When tuning using AutoTVM (tvmc tune with --enable-autoscheduler disabled), one of the metrics printed in the console is Current/Best GFLOPS per task. I do not understand how this metric is being measured or calculated here? In the context of tuning a model, what is this metric describing?

The GFLOP/s is measured by actually running the compiled operator on device. With a schedule candidate, we compile the operator, run it on the device to get the latency, and calculate the throughput by FLOPS / latency. Note that its per task, and you may have several tasks in a model, so AutoTVM needs to tune every unique task sequentially to achieve good end-to-end performance.

When using AutoTVM, console data consists of Task/GFLOPS/Progress/Walltime. When using Ansor, data provided includes ID/Latency/Speed/Trials, while also including additional data like GA iter, fail_ct, min/max score, etc. What are the differences and similarities between the data provided by these two services, or are these details covered in the documentation somewhere that I’m missing? Without this info, interpreting tuning runs can be pretty challenging, especially from an entry-level perspective.

They are just using different approaches. Ansor uses random sampling with evolutionary search to find the best schedule, so “GA iter” is the process of running evolutionary search, “fail_ct” is a counter of invalid schedule being explored in this iteration. max/min scores are the max/min schedule quality estimated by the performance cost model.

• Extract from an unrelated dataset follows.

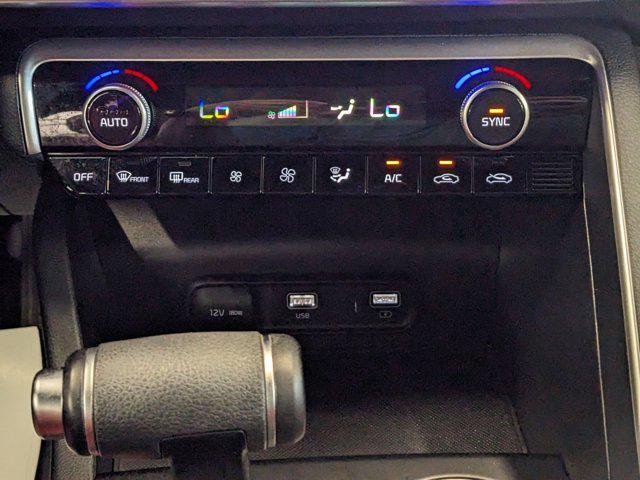 Photo of 2022 Wolf Gray Kia K5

Finally, this question might stem from my lack of understanding of GFLOPS in the context of tuning a model, but the GFLOPS data that results from using Ansor is significantly lower than that of AutoTVM (when tuning the same model with the same tuning parameters). Does a higher GFLOP value indicate a better or worse tuned schedule?

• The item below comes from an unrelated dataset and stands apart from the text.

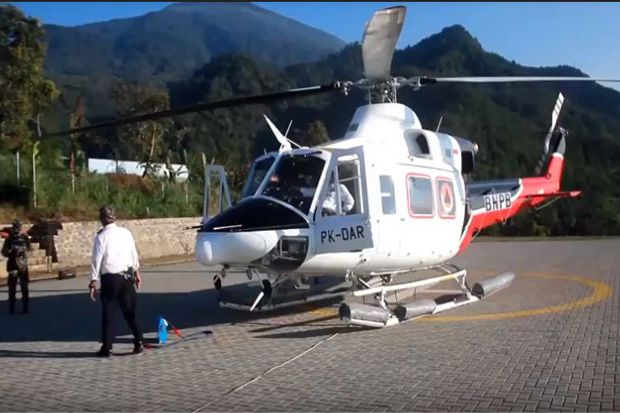 Heli Water Bombing Lanjutkan Pemadaman Gunung Ciremai di Ketinggian 2.500 Meter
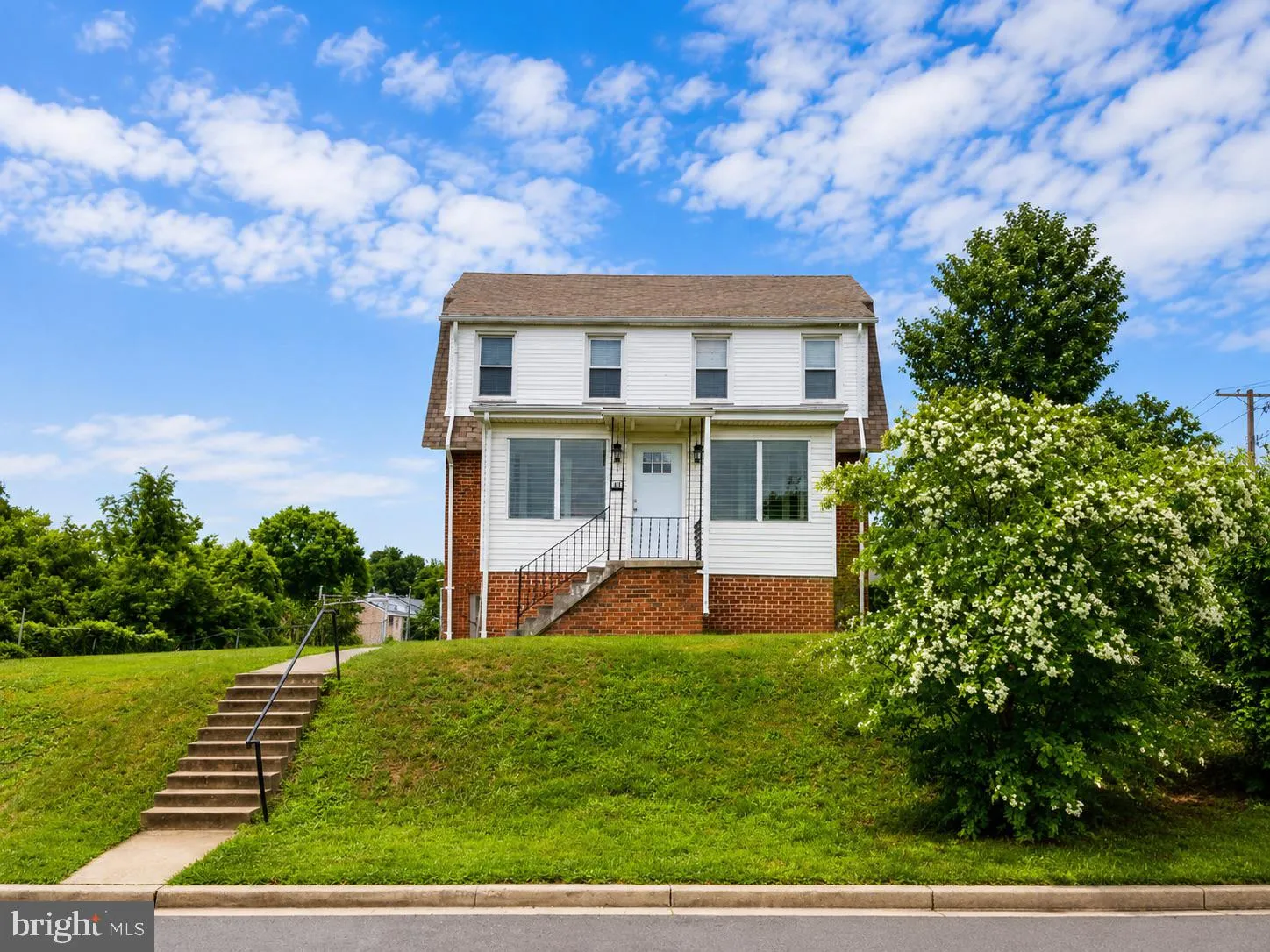 2851 ROBINSON PLACE, Washington, DC 20020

Higher GFLOP/s does indicate better performance. Did you compare the end-to-end model performance after the tuning and find that the model tuned by Ansor is worse than AutoTVM? It could be reasons for you to see worse GFLOPS in Ansor compared to AutoTVM when looking at a single task. You need to provide more information to let people help dive into the root cause. For example, the tasks extracted by Ansor and AutoTVM are different, so it is incorrect if you simply compare GFLOP/s of the, for example, first task from both frameworks. Also, the tuning trial number may also affect the GFLOP/s per task, as Ansor uses task scheduler to prioritize important tasks.

calebpsanders · June 24, 2021, 3:29am

Thanks for this detailed reply, this was very helpful. Just to clarify, when you refer to a “schedule candidate” or the “best schedule”, you’re referring to the configuration of a specific operator (or task) on the hardware target, correct?

comaniac · June 24, 2021, 5:09pm

Roughly speaking yes. Each line in the tuning log represents a schedule configuration for an operator/task. AutoTVM/Ansor is able to decode and apply the configuration to a certain operator/task during the compilation.